2014-10-22 07:05:39

by Yasuaki Ishimatsu

[permalink] [raw]
Subject: [PATCH v3] sched/fair: Care divide error in update_task_scan_period()

While offling node by hot removing memory, the following divide error
occurs:

divide error: 0000 [#1] SMP
[...]
Call Trace:
[...] handle_mm_fault
[...] ? try_to_wake_up
[...] ? wake_up_state
[...] __do_page_fault
[...] ? do_futex
[...] ? put_prev_entity
[...] ? __switch_to
[...] do_page_fault
[...] page_fault
[...]
RIP [<ffffffff810a7081>] task_numa_fault
RSP <ffff88084eb2bcb0>

The issue occurs as follows:
1. When page fault occurs and page is allocated from node 1,
task_struct->numa_faults_buffer_memory[] of node 1 is
incremented and p->numa_faults_locality[] is also incremented
as follows:

o numa_faults_buffer_memory[] o numa_faults_locality[]
NR_NUMA_HINT_FAULT_TYPES
| 0 | 1 |
---------------------------------- ----------------------
node 0 | 0 | 0 | remote | 0 |
node 1 | 0 | 1 | locale | 1 |
---------------------------------- ----------------------

2. node 1 is offlined by hot removing memory.

3. When page fault occurs, fault_types[] is calculated by using
p->numa_faults_buffer_memory[] of all online nodes in
task_numa_placement(). But node 1 was offline by step 2. So
the fault_types[] is calculated by using only
p->numa_faults_buffer_memory[] of node 0. So both of fault_types[]
are set to 0.

4. The values(0) of fault_types[] pass to update_task_scan_period().

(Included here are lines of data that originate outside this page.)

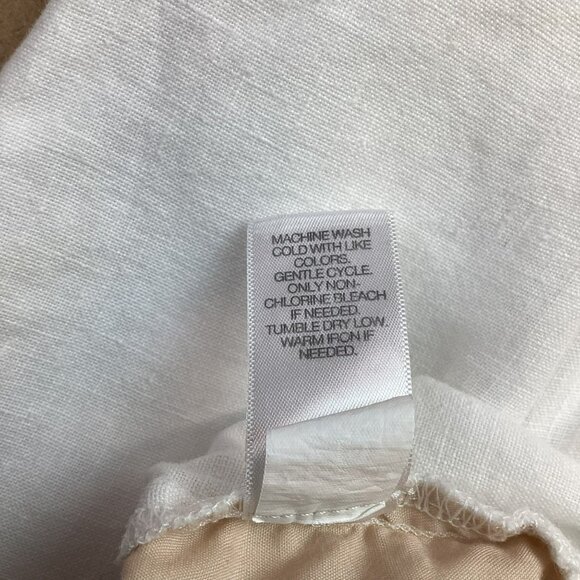 J. Jill Love Linen Womens Small White Pants 100% Linen Made In India - Picture 12 of 12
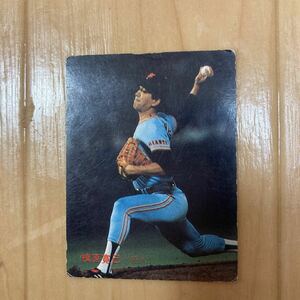 カルビープロ野球カード 巨人 槙原寛己 1987 当時物 ジャイアンツ 送料84円 同梱可　値下げ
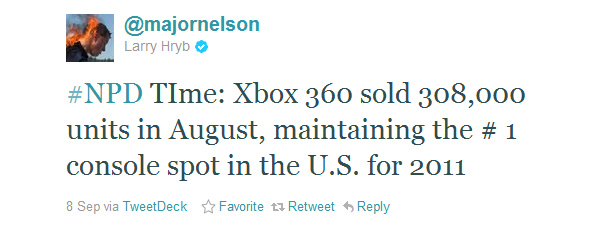Xbox 360 outsells rivals again in August, in U.S.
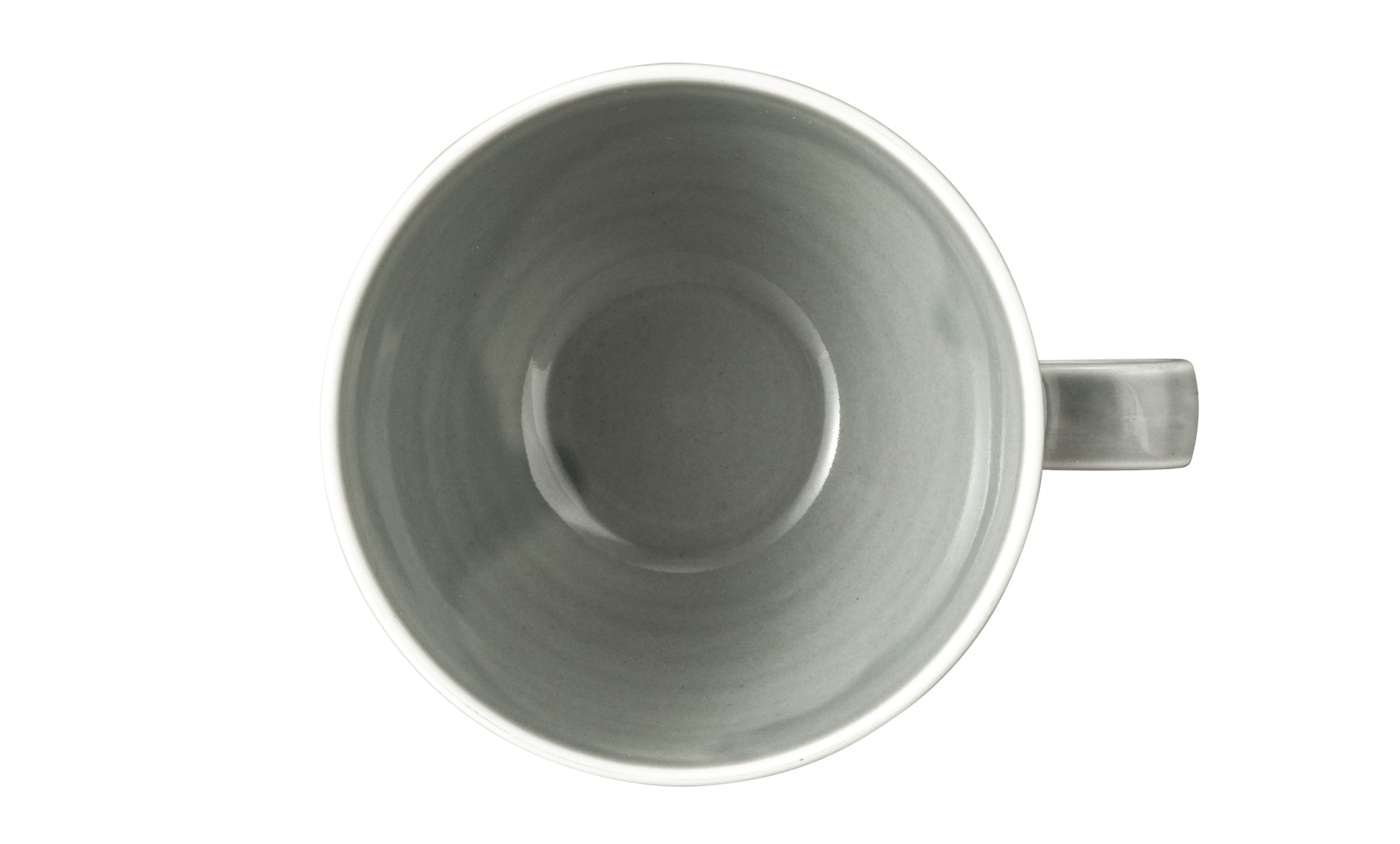 Grau gestreifte Kaffeetasse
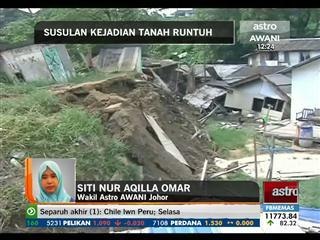 Susulan kejadian tanah runtuh di Johor Bahru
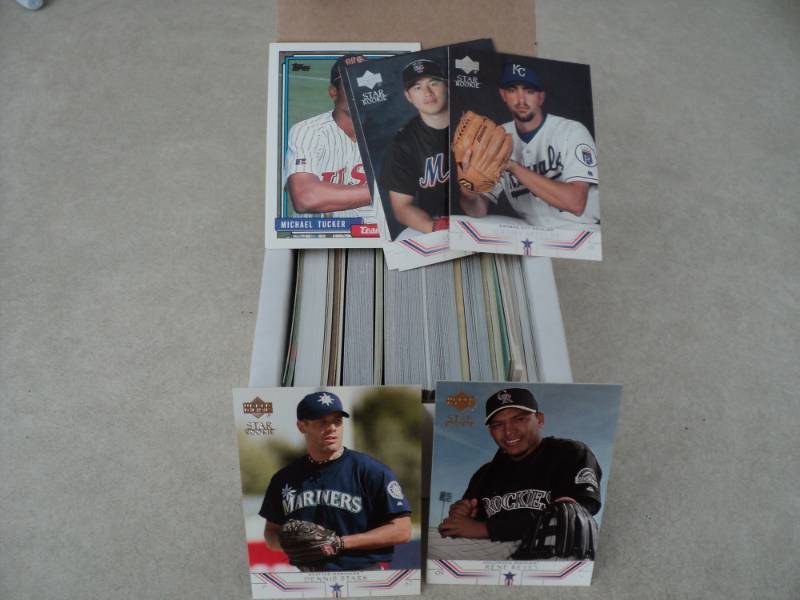200 Baseball Rookie Cards...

5. numa_faults_locality[1] is set to 1. So the following division is
calculated.

static void update_task_scan_period(struct task_struct *p,
unsigned long shared, unsigned long private){
...
ratio = DIV_ROUND_UP(private * NUMA_PERIOD_SLOTS, (private + shared));
}

6. But both of private and shared are set to 0. So divide error
occurs here.

The divide error is rare case because the trigger is node offline.
This patch always increments denominator for avoiding divide error.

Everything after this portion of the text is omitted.